18.10.06

LINKS, ZWEI, DREI, VIER. Via Milt Rosenberg, the abnormal psychology of goose-stepping.

Today, the goose step lives on at Iranian military parades. The Kremlin honour guard does it in slow motion. It even shows up at skinhead keg parties, where it's common to find revellers in heavy boots stomping around a roaring fire and sharing drunken dreams of Aryan empire.

The underlying idea is always the same: a heavy boot coming down hard on the enemy. There is no escape.

As George Orwell famously opined, a goose step is "an affirmation of naked power; contained in it, quite consciously and intentionally, is the vision of a boot crashing down on a face."

The step, in fact, bears a message so laden with terrifying meaning that it is one of the few human gestures outright banned by a state — as was the case in West Germany shortly after the Second World War. True to its Soviet state of mind, East Germany retained it.

"It is almost a way of forcing large groups of people unnaturally in unison," Schimmelpenninck explains. "And that is what a fascist society is about or a totalitarian regime is about, whether it be Russian or Soviet."

[I think "Schimmelpennick" refers to University of Toronto psychologist Ulrich Schimmack, who is quoted earlier in the article.]

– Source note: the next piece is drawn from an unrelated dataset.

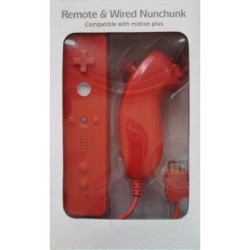 Conjunto Wiimote + Nunchuck compatibles rojos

Frank Capra made a similar point in The Nazis Strike, one of the training films he directed under the Why We Fight rubric. That lesson hit home with Sgt. Karlson, who could be counted on to react to news coverage of those "historic" summit conferences with Communist dictators by grousing, "Never trust a country whose soldiers goose-step." (The other military lesson he could be counted on to deliver was an unfavorable evaluation of marching by the Great Lakes sailors who would participate in Milwaukee parades.)